Something that is not examined, to my knowledge, is the possibility that at least "Mark" didn't know if Jesus existed really or not. So "Mark" imagined simply the life of Jesus. In this sense, he was euhemerizing Jesus without not even knowing that Jesus existed or not. From this POV, he is not so different from who today (or better: yesterday) wrote books on the "historical Jesus".
How was this Mark's ignorance possible? Between the death of Paul and the community of Mark there was a kind of "Dark Age" of which the same "Mark" was a victim, in terms of real knowledge of the Christian past.
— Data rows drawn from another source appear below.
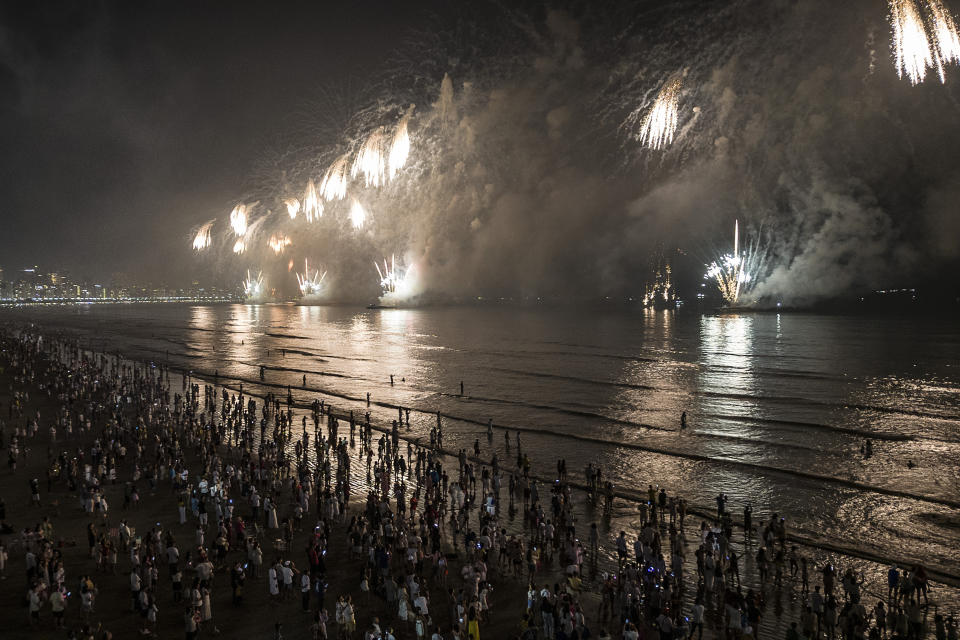 People bring in the New Year as they watch fireworks explode over Santos Bay, in Santos, Brazil, early Sunday, Jan. 1, 2023. (AP Photo/Matias Delacroix)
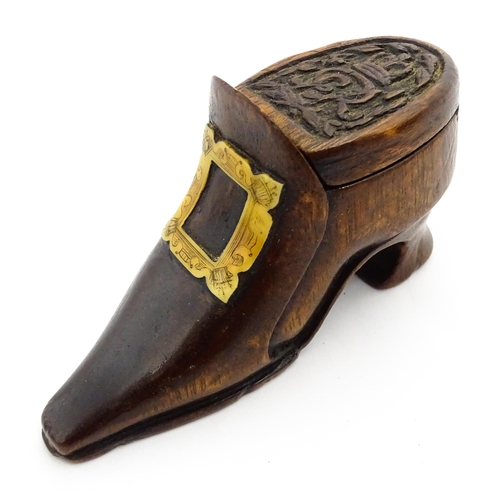 1363 - Treen : An early 20thC shoe snuff box of boot form with sliding lid, applied penwork buckle detail a... 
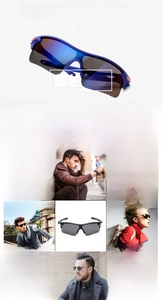 Detail of high-end sports sunglasses with oversized frames and blue gradient lenses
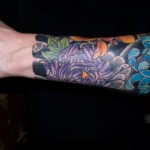 Stefano Pilati Floral arm tattoo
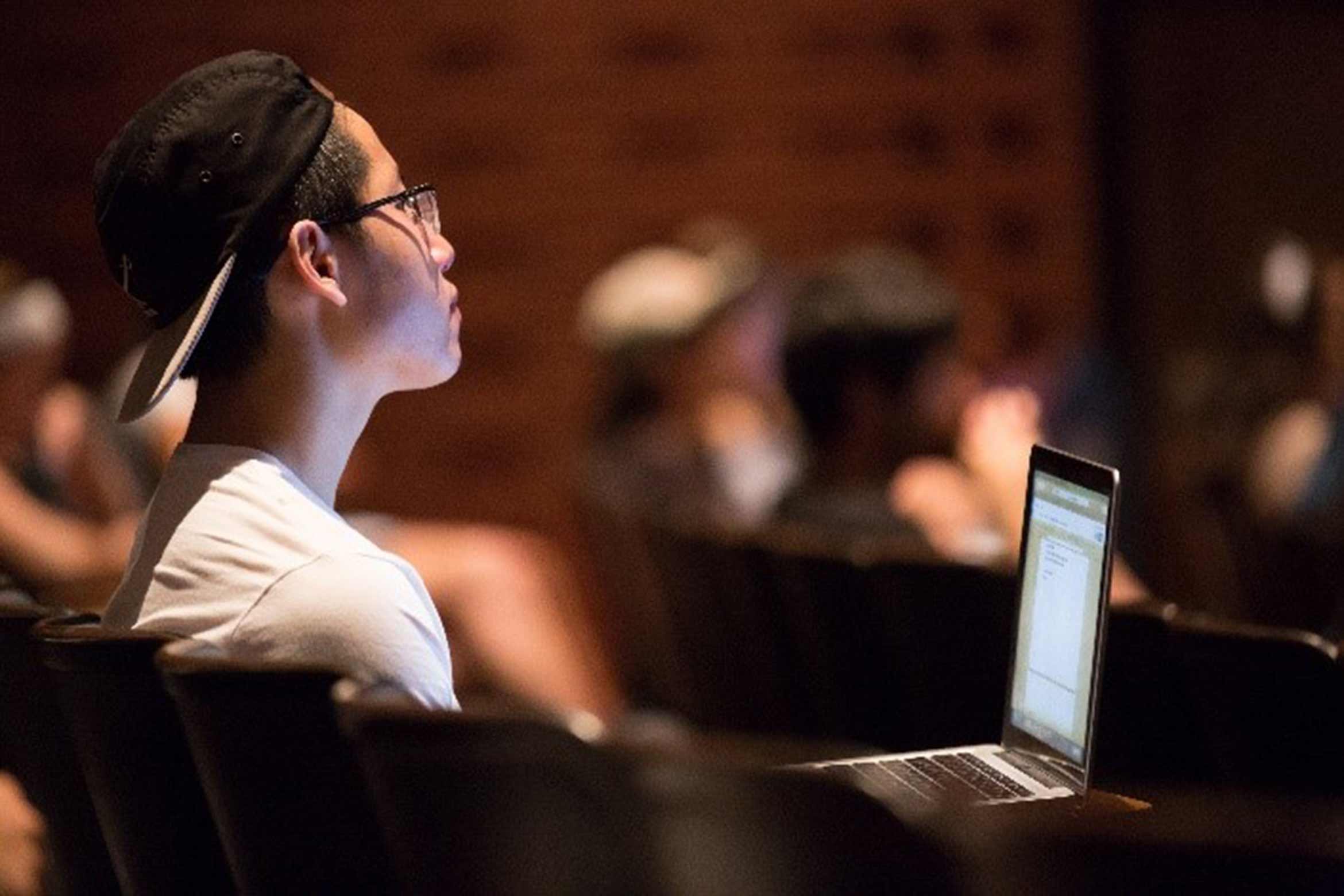 A student in class illuminated by their laptop screen.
So Mark had to imagine first, and then give a meaning to the mere fruit of the his imagination. Something of similar Josephus did, when he merely imagined who was "John the Baptizer" by placing him under the wrong Herod (given the fact that - per Greg Doudna - the true historical John was Hyrcanus II).
So the fact that there is not distinction between history and myth in the earliest Gospel was a deliberate act by "Mark" to give to others definitely the answer to the question if what he wrote was true or not. The others were the his same readers. They decided that what "Mark" wrote was entirely or partially true.
Now, the "Jesus agnosticism" of "Mark" is derived also from the "Jesus agnosticism" of Paul. Also Paul didn't know if Jesus existed or not "in the flesh".
From now on, therefore, we regard no one according to the flesh. Even though we once regarded Christ according to the flesh, we regard him thus no longer
(2 Cor 5:16)
The sense would be: even if Jesus existed really "in the flesh", we don't know and we don't care.
So Paul didn't imagine the life of Jesus, differently from Mark. He limited himself to imagine the meaning of Jesus's "known" act. That meaning was true for him even if Jesus didn't exist really "in the flesh".